Toutefois, en examinant l’esprit de cette convention, la Cour a constaté qu’il était dénué des caractéristiques des contrats de franchisage et qu’il relevait plutôt de la disposition de non-application prévue dans la Loi. La Cour a aussi fait remarquer que la convention n’était qu’un simple contrat de licence, faute du « contrôle important » que confère habituellement un contrat de franchisage au concédant. Trois aspects du raisonnement de la Cour méritent d’être rappelés :

 a) D’abord, la Cour a reconnu qu’un contrat de licence investit forcément le concédant de certains droits de contrôle. Dans la mesure où l’objet et l’effet de ces dispositions de contrôle consistent à protéger l’intégrité de la marque de commerce, ils ne satisfont pas au critère de « contrôle important » prévu dans la définition statutaire de « contrat de franchisage ». Selon la Cour :

[traduction] Si le contrat de licence accorde différents droits au [concédant], qui lui permettent d’approuver et d’opposer son veto aux méthodes de conception et d’exploitation commerciale possiblement utilisées par les licenciés qui exploitent la marque de commerce, ces droits n’altèrent pas l’essence du contrat de licence en tant que contrat de licence de marque de commerce. Le [concédant] en tant que détenteurs de la marque de commerce ont cédé divers droits relativement aux […] activités commerciales afin de protéger l’intégrité de leur marque de commerce, mais à aucune autre fin que celle-là.

b) Ensuite, la Cour a souligné qu’aux termes du contrat de licence, les licenciés avaient la principale, sinon l’entière responsabilité de la conception et de l’exploitation des restaurants :

[traduction] En vertu du contrat de licence, les [licenciés] étaient tenus de créer et d’exploiter leurs restaurants, c’est-à-dire d’aménager et de décorer les lieux, d’assurer la qualité et l’uniformité des produits et services, de préparer les plats et les boissons, d’annoncer et de promouvoir les établissements, de choisir et de former leurs propres franchisés et de réaliser tous les examens et inspections des restaurants.
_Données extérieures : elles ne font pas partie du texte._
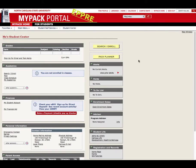Hello, this video will show you how to report external scholarships through MyPAC Portal.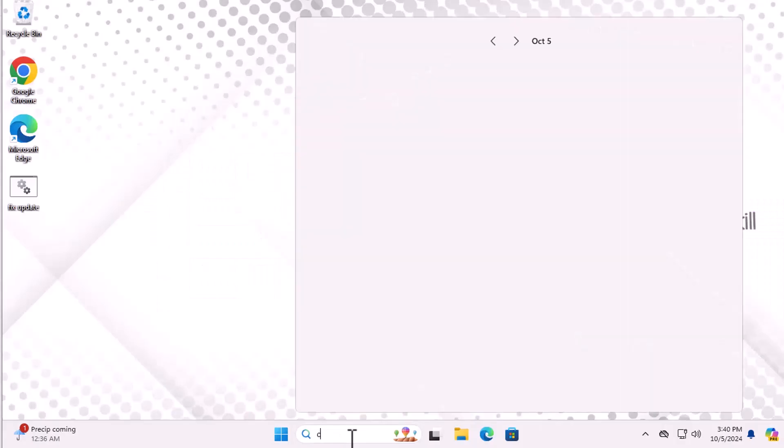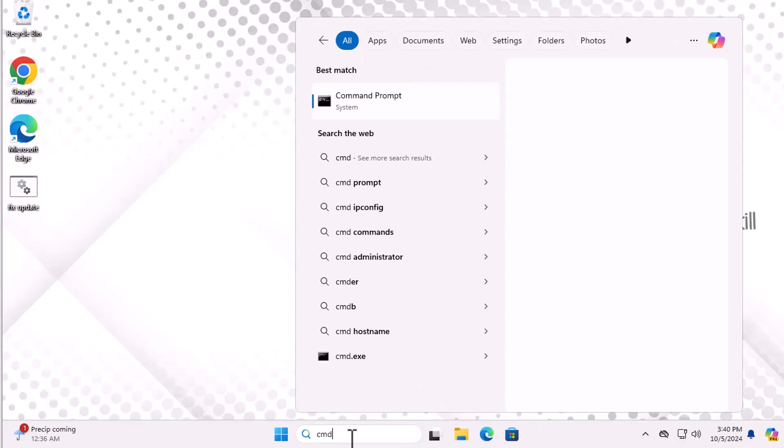First, start by opening the Start menu and typing CMD. When you see Command Prompt in the list, right-click on it and select Run as Administrator.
c) Finalement, la Cour a insisté sur le fait que le concédant n’avait pas contribué à l’exploitation des restaurants, sauf pour ce qui est de la marque de commerce (autrement dit, aucune « aide importante » n’a été prodiguée au sens où l’entend la Loi dans sa définition du terme « franchise ») :

[traduction] Le dossier ne contient aucune preuve qui indique que [le concédant a] exercé [ses] droits contractuels […] afin d’établir ou d’imposer aux licenciés un mode de conception ou d’exploitation de leur entreprise. Le [concédant] n’exploite pas le restaurant, pas plus qu’il n’aide les [licenciés] à le faire; [il] n’a pas créé les restaurants des [licenciés] et ne leur a pas fourni de biens et services. Son seul apport […] consiste à autoriser l’utilisation sous licence du nom « Marilyn Monroe ».

Comme le laisse entendre ce jugement, il y a fort à parier que les simples permissions d’utiliser une marque de commerce seront exclues du champ d’application de la Loi si leurs dispositions en matière de contrôle visent tout au plus à protéger les droits de propriété intellectuelle du concédant. Malheureusement, la portée du jugement est partiellement occultée par le fait qu’il repose sur la disposition de non-application, laquelle exige que la licence soit « la seule de cette nature et de ce type qu’accorde le concédant à leur égard ». Il y a lieu de se demander comment la Cour aurait tranché l’affaire si le concédant avait conclu des contrats de licence semblables avec d’autres licenciés. Cela est d’autant plus regrettable que les conclusions de la Cour quant à l’absence de contrôle important et d’aide du concédant auraient suffi à soustraire le contrat de la définition statutaire de « contrat de franchisage » (sans recourir à la disposition de non-application).

Il est à noter qu’il existe une clause de non-application fort similaire dans la Loi sur les franchises du Manitoba, CCSM, c. F-156, la Loi sur les franchises du Nouveau-Brunswick, SNB 2007, c. F-23.5 et la loi de l’Île-du-Prince-Édouard intitulée Franchises Act, RSPEI 1988, Cap. F-14.1. Par contre, la loi de l’Alberta intitulée Franchises Act, RSA 2000, c. F-23 ne renferme aucune disposition de cet ordre.